In recent weeks an important collaborative initiative from within the electronics sector seems set to have an influence on the way many industrial sectors will monitor suppliers with regards to CSR risk.
At the beginning of March, Achilles and the Global e-Sustainability Initiative (GeSI) signed a memorandum of understanding to set a new three-year strategic plan to drive forward the Electronics Tool for Accountable Supply Chains (E-TASC).
Subscribers enter details on how their supply facilities manage and reduce their labour, social and ethical, environmental, and health and safety risks and share the information, through the online tool, with their customers. In this way they drive continuous improvement in the supply chain.
Although E-TASC has been used extensively by the electronics industry since 2007, with over 1,000 supply facilities on the system and over 50 global brands now subscribing to it, the new agreement puts it in a strong position to be adopted by other industries for managing CSR compliance globally.

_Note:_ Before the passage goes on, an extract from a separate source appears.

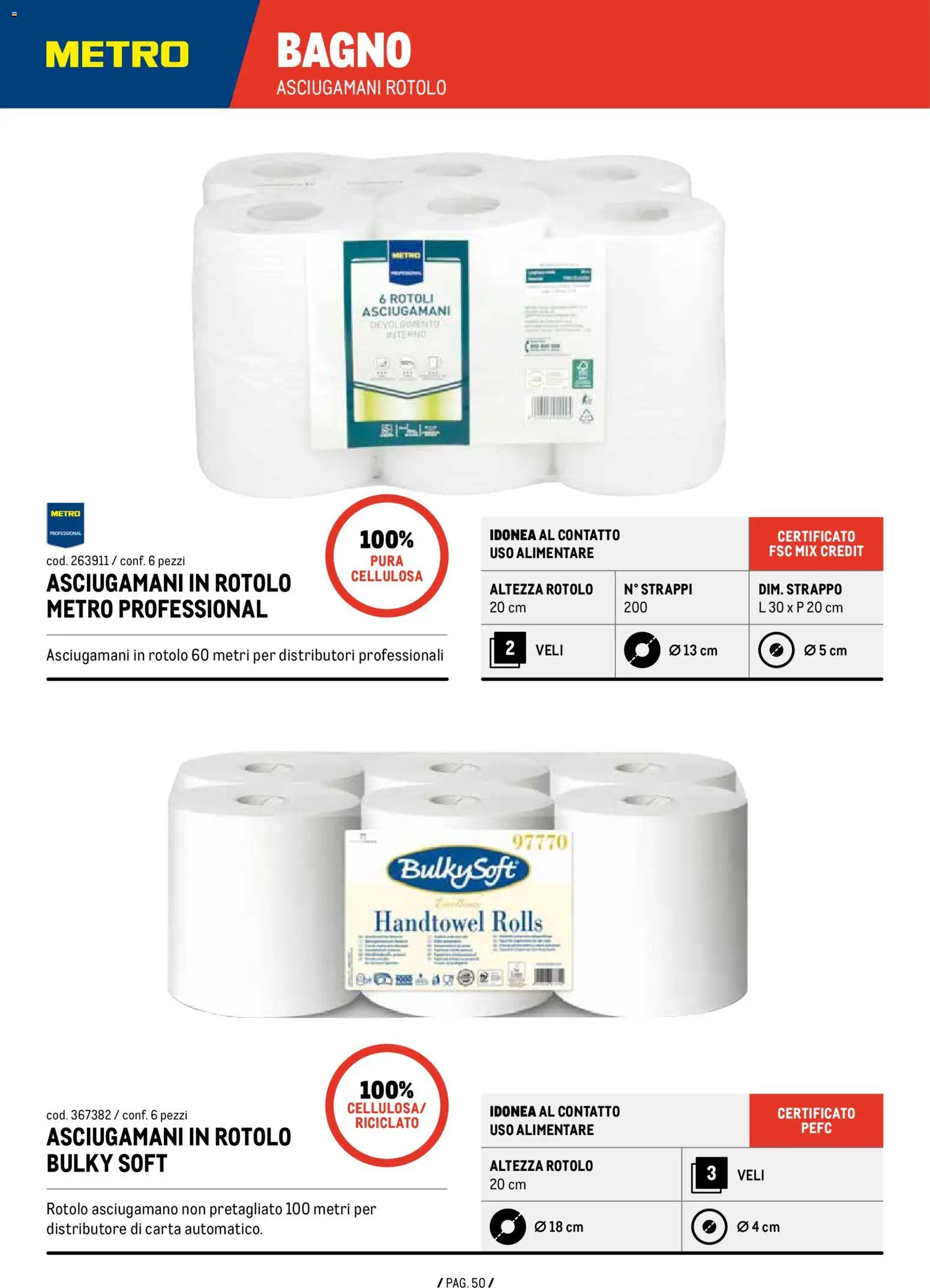 Volantino Metro del 07.01.2026 | Pagina: 50 | Prodotti: Asciugamano, Bagno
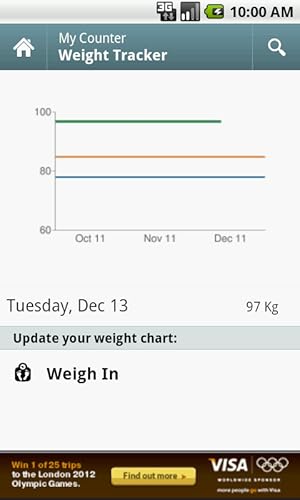 Calorie Counter by FatSecret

Much of the focus within organisations over the past 18 months has been on containing costs and in particular, on improving efficiencies within procurement and purchasing departments. It’s easy to understand as a small percentage saved on each item purchased can deliver a huge improvement to your profit margin.

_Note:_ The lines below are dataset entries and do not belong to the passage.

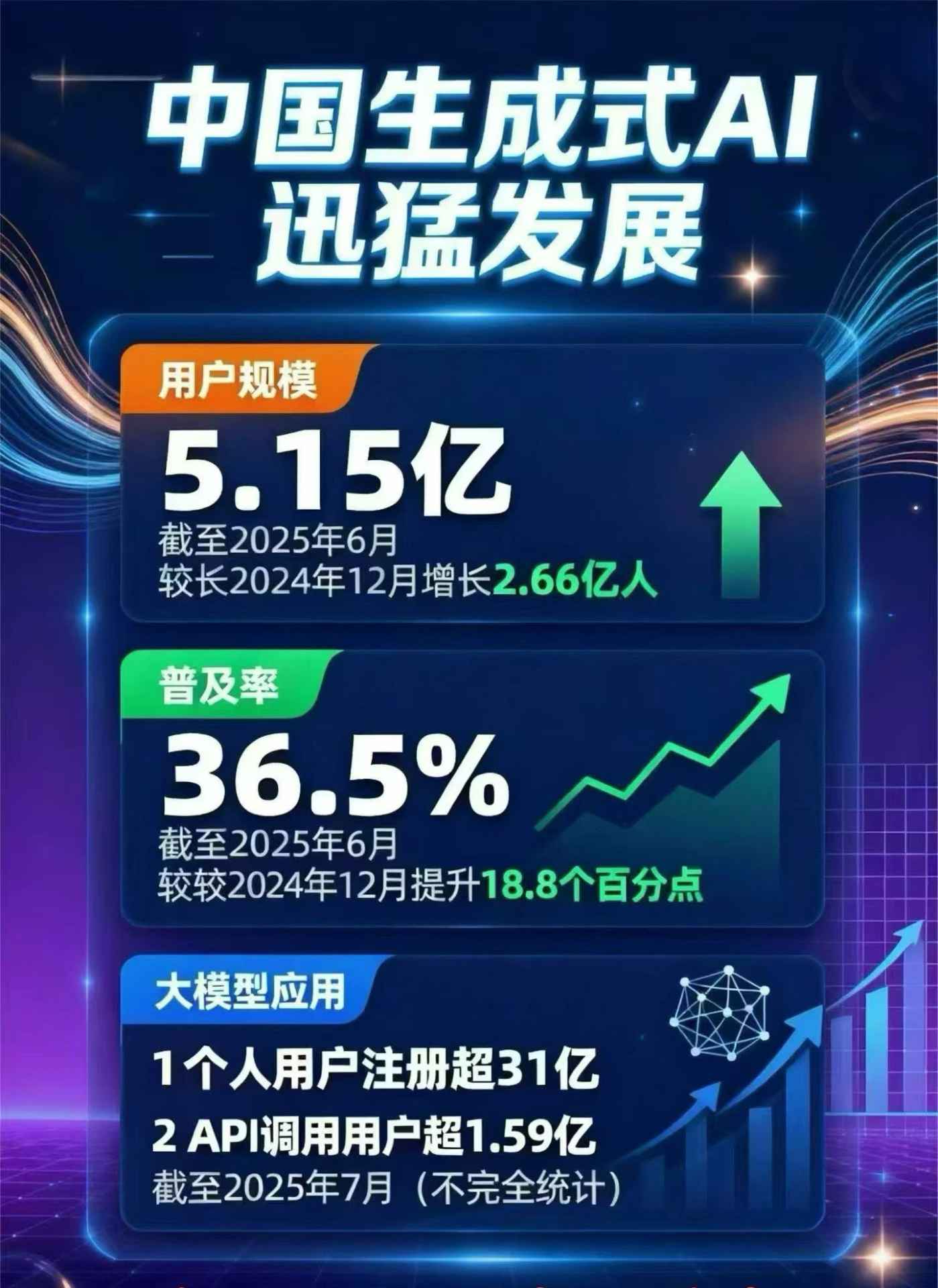 太平区豆包GEO优化是什么？内容创作核心逻辑解析
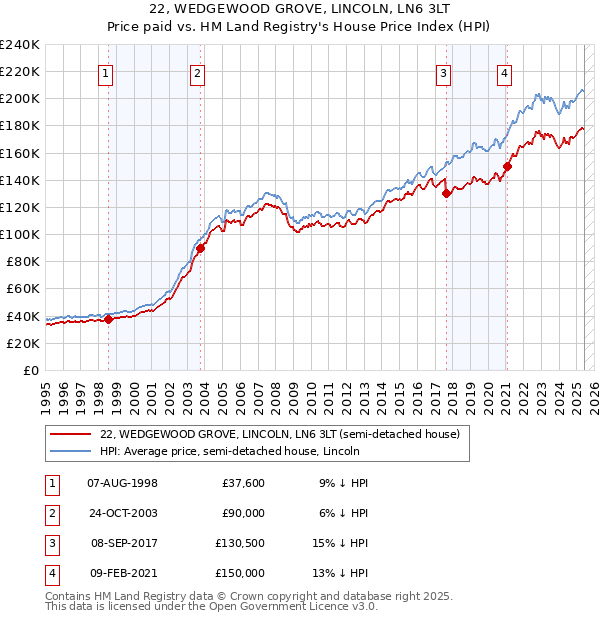22, WEDGEWOOD GROVE, LINCOLN, LN6 3LT: Price paid vs HM Land Registry's House Price Index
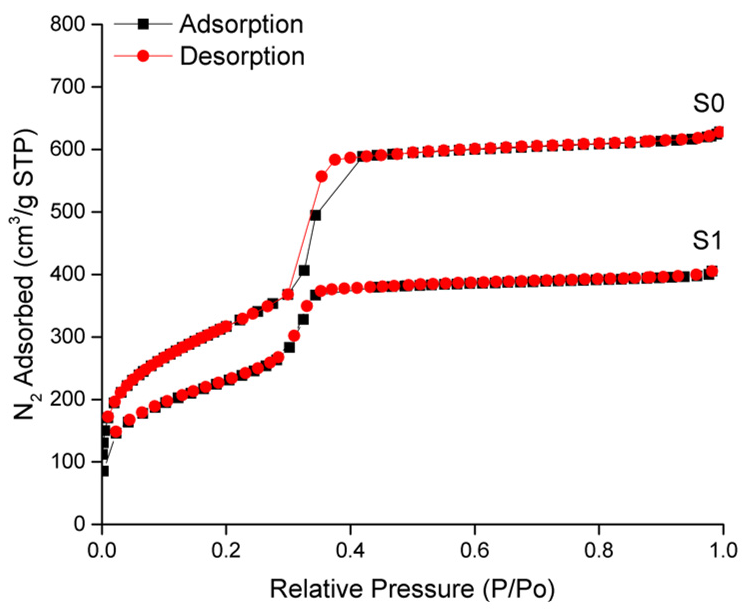 Molecules 23 00375 g005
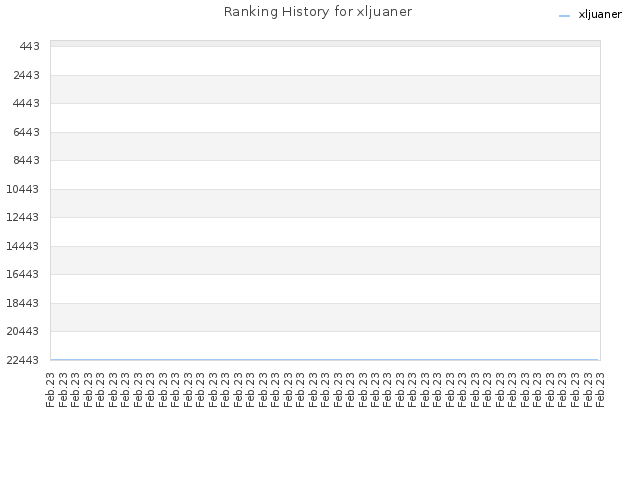 Ranking History for xljuaner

Andrew Spence, supply chain business development director at Oracle, sees one of the biggest challenges facing many organisations – particularly those that have been through an acquisition – is in getting a single view of spend across individual category areas and with a single supplier. Often a supplier can be represented in different ways across different systems.
Disparate
Consolidating this information from across disparate systems using master data management tools helps identify situations where supplier “A” in one business unit may be known as supplier “B” in another.
He says by feeding this consolidated information into an analytics process a clearer view of spend can be achieved across the enterprise. Then there is spend classification, which is the ability to apply automated classification rules to your purchase orders.
“Most procurement managers will recognise that when they view an analysis of their spend an awful lot comes up as miscellaneous. What spend classification tools do is go through the data, and using certain rules, relate an invoice, say, to an order,” says Spence.
The application of analytic tools to this consolidated data enables procurement departments to see exactly what they are spending across categories with each supplier. Spence points out: “If, for example, you were able to procure this item at the lowest price we have seen you buy it at over the last year, we reckon you would save this amount of money.”